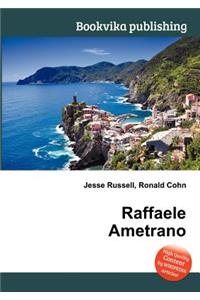 Raffaele Ametrano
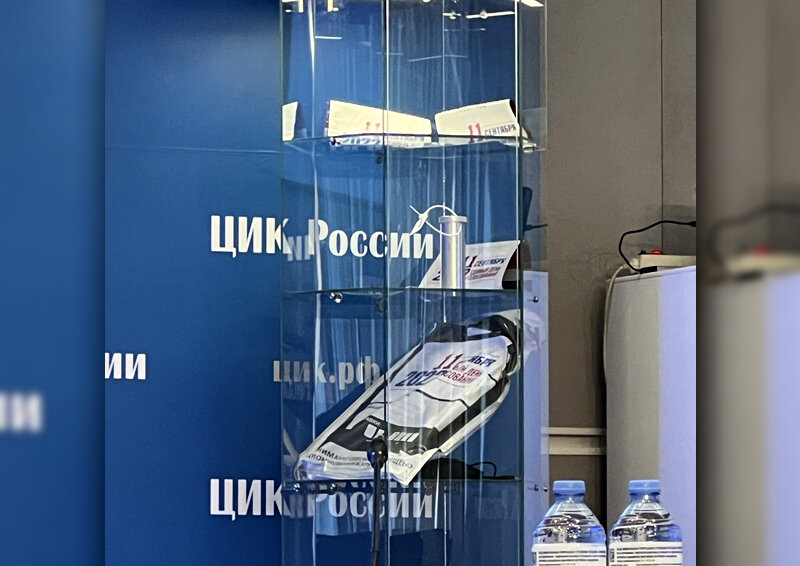    Идентификация голоса: смогут ли власти Подмосковья обеспечить прозрачность выборов в 2023 году
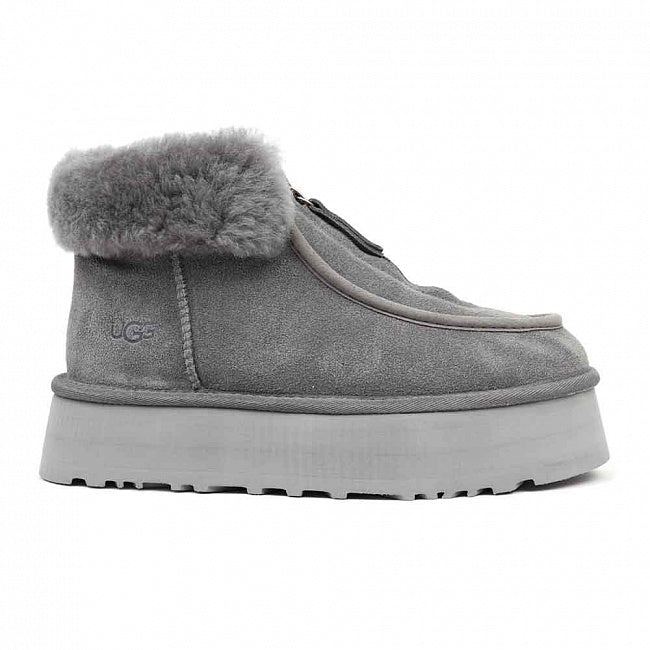 UGG Funkette Gris
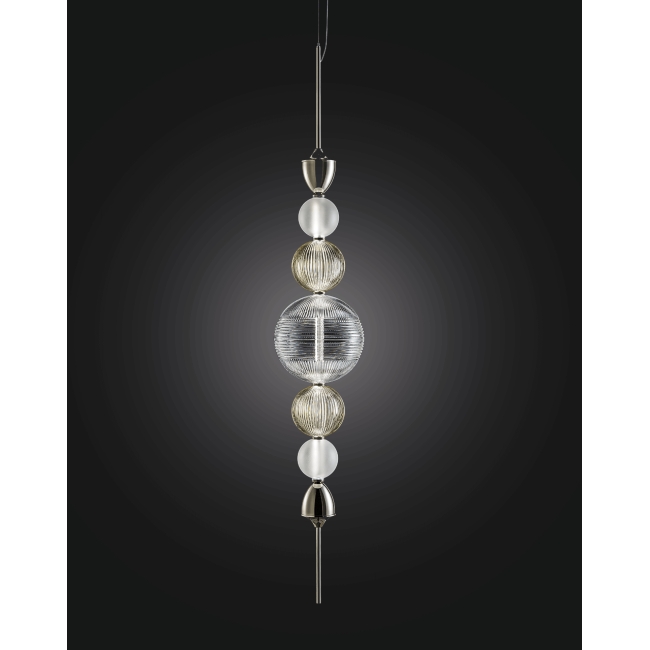 Greta Opera Italamp Suspension Lamp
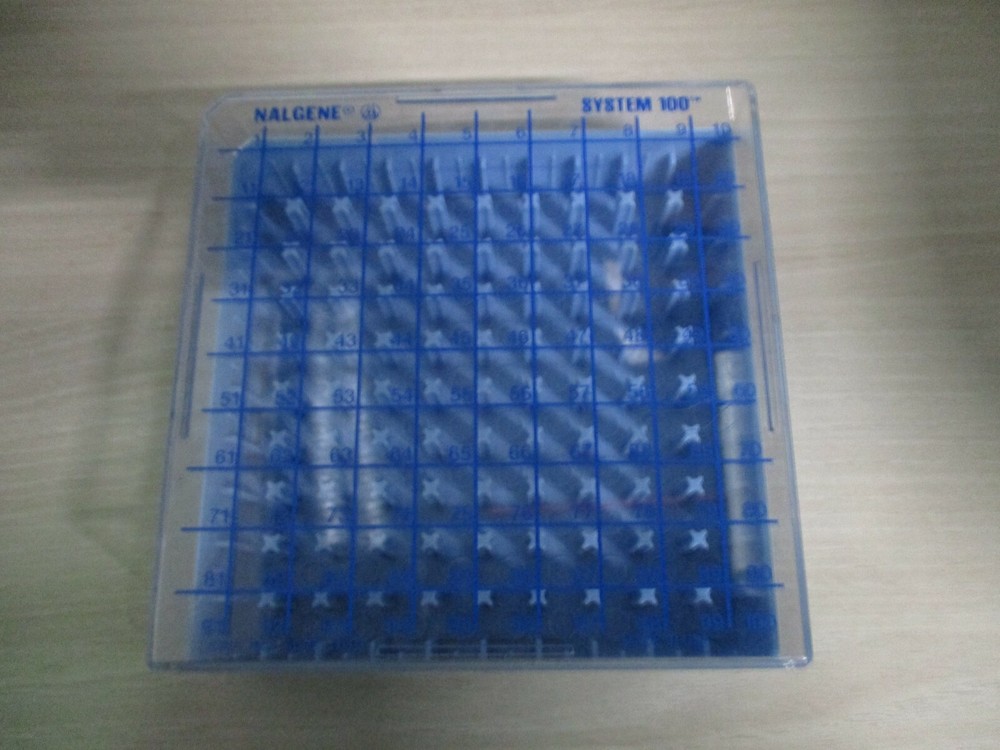 Argos Technologies Freezer Rack,Side Access,Holds 16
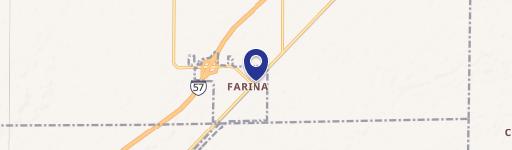 Farina, IL 62838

┄┄┄┄┄┄┄┄┄┄┄┄┄┄┄┄┄┄┄┄

ABOUT THIS EXERCISE: The answer should contain all the material above, copied exactly, and no images.

YOUR SOLUTION:
 Raffaele Ametrano
    Идентификация голоса: смогут ли власти Подмосковья обеспечить прозрачность выборов в 2023 году
 UGG Funkette Gris
 Greta Opera Italamp Suspension Lamp
 Argos Technologies Freezer Rack,Side Access,Holds 16
 Farina, IL 62838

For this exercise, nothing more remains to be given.